Anecdote is interesting, but Fitzgerald vs. Floyd is not an isolated example. Study after study find that the “stickiest” metrics, (meaning the metrics that remains most stable from one sample to the next), are all volume metrics. A study by Chase Stuart found that targets per route run was by far the “stickiest” receiver stat over yards per route run and yards per target. Another study by Chase Stuart found that targets per team pass attempt was much stickier than yards per target. Similarly, for running backs, he has shown that rush attempts are several times stickier than yards per carry.

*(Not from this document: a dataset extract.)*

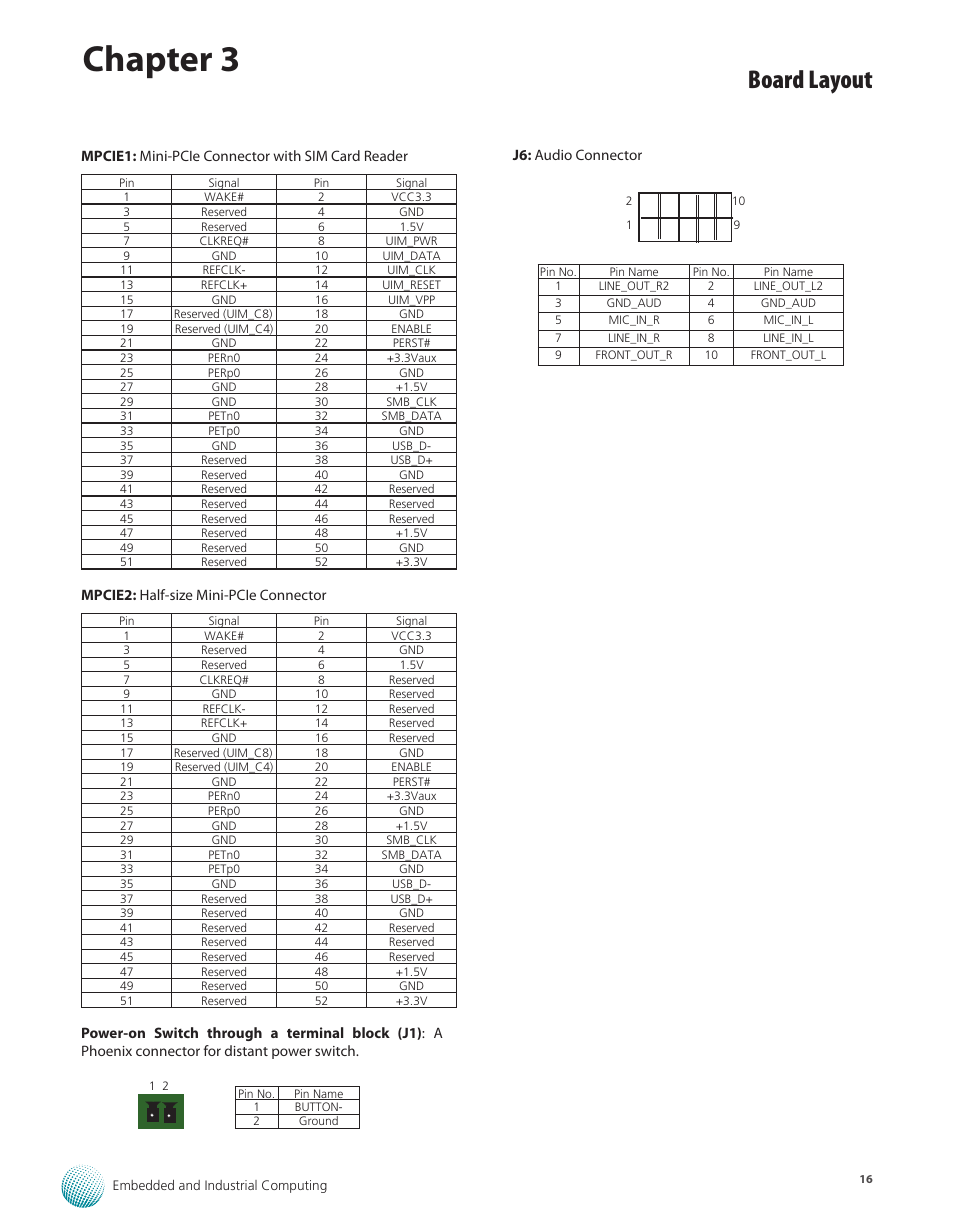 Chapter 3, Board layout | Lanner LEC-2260 User Manual | Page 17 / 30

Danny Tuccitto has done a lot of work on his blog, Intentional Rounding, on how long it takes for various statistics to “stabilize” to the point where they represent a 50/50 mix between a player’s “true mean” and random chance. For wide receivers, Tuccitto found that yards per target took 39 games— two and a half years— to finally stabilize. Yards per route run, however, stabilized in just 14 games. And targets per route run? It only took, on average, 7 games before a player’s “targets per route run” reached a point where it was less than 50% random noise.

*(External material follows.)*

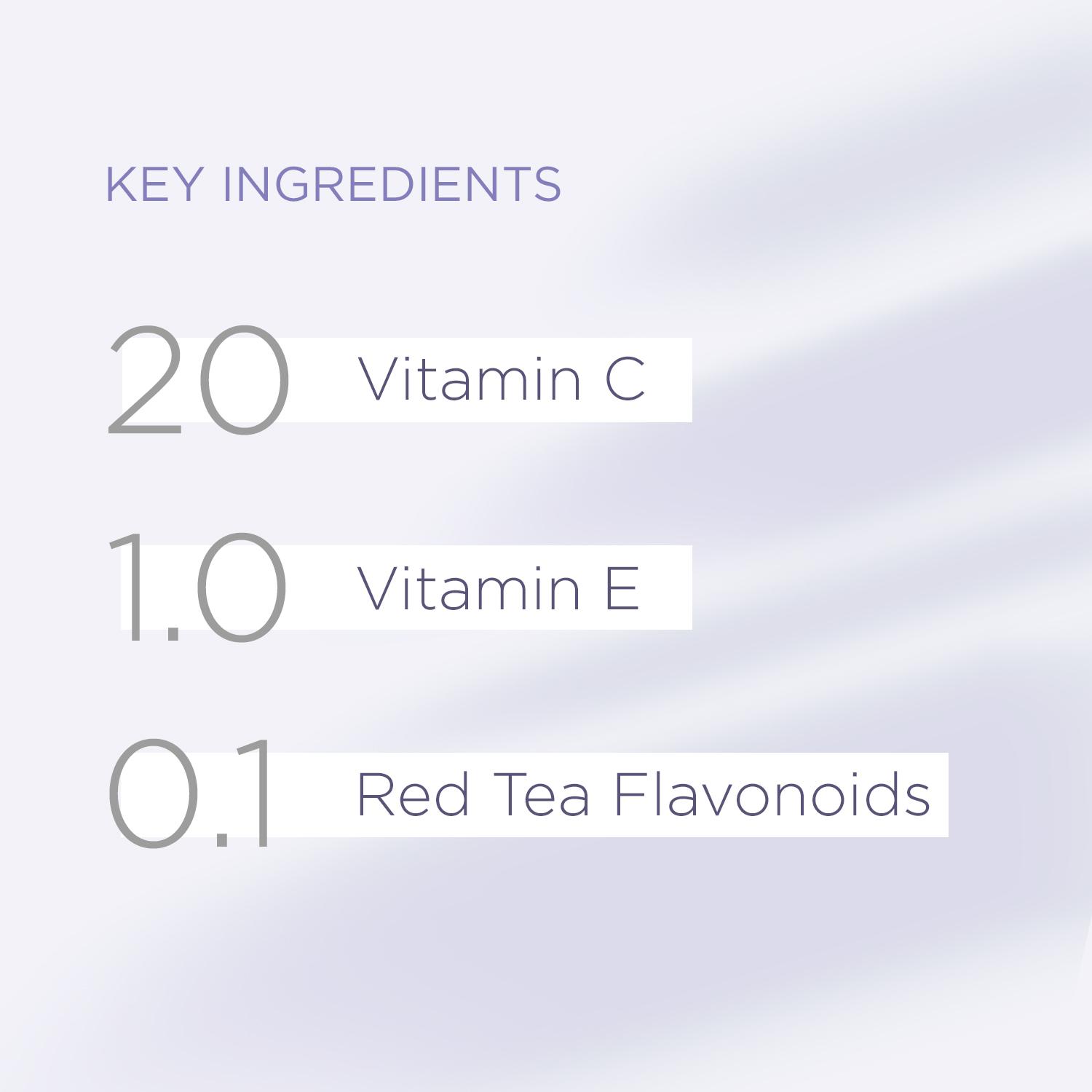 Glytone Age-Defying C+ Advanced Antioxidant Serum for Youthful Skin - Target Fine Lines & Wrinkles - Moisturizers, Skincare Skin Repair Comfort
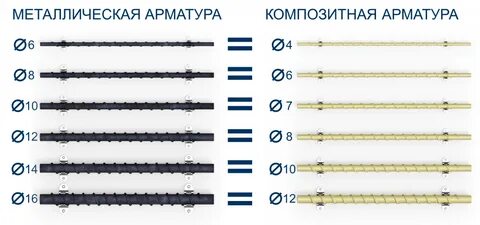 Менять арматуру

For fans of running back efficiency, things are especially grim. Tuccitto found that it took 177 games before a running back’s yards-per-carry average was more representative of his own underlying talent level than it was of random chance. That’s more than eleven years. Or, to put it more bluntly, that’s statistician speak for “never”.

I’ve even dabbled my own toes into these waters. After Le’Veon Bell’s rookie year, when many were worried that his low ypc meant he would be the next Trent Richardson, I wrote about the history of high-volume, low-efficiency rookie running backs.

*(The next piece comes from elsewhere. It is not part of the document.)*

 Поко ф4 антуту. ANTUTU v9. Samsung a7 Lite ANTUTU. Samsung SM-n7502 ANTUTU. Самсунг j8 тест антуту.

The history, as it turns out, is amazing. Since volume is so stable and efficiency is so random, most of those high-volume rookie turned into high-volume sophomores, had a large increase in per-touch efficiency, and saw their production spike through the roof.

What Should We Take From This?

The question we should be asking is not “what would happen if this hyper-efficient player finally started getting more usage?”, it’s “why isn’t this hyper-efficient player getting more usage?” Sometimes the answer is obvious; Dez Bryant doesn't get more usage because his team passes so rarely. DeAndre Hopkins didn't get more usage because he was sharing the field with Andre Johnson, the greatest player in franchise history. Michael Turner got so few carries in San Diego because he was stuck behind a first-ballot Hall of Famer.

Other times, the answer is less obvious. Why didn't Kenny Stills get more targets in New Orleans? (If early returns in Miami are any indication, it's because he simply wasn't that good; Robert Meachem and Devery Henderson had both previously put up similarly stellar yards-per-target averages in the same role for the Saints.) Why isn't Lamar Miller getting more usage? Are his coaches merely incompetent, or do they know something we don't? It at least has to be a concern.

On the other side of the coin, the question we should be asking is not “What happens to this compiler when the volume dries up?” Instead, the proper question is “If efficiency is prone to such wild swings from game to game and from season to season, what would happen if this heavily-used player finally started getting better efficiency, too?”

The answer, more often than you might think, is "championships".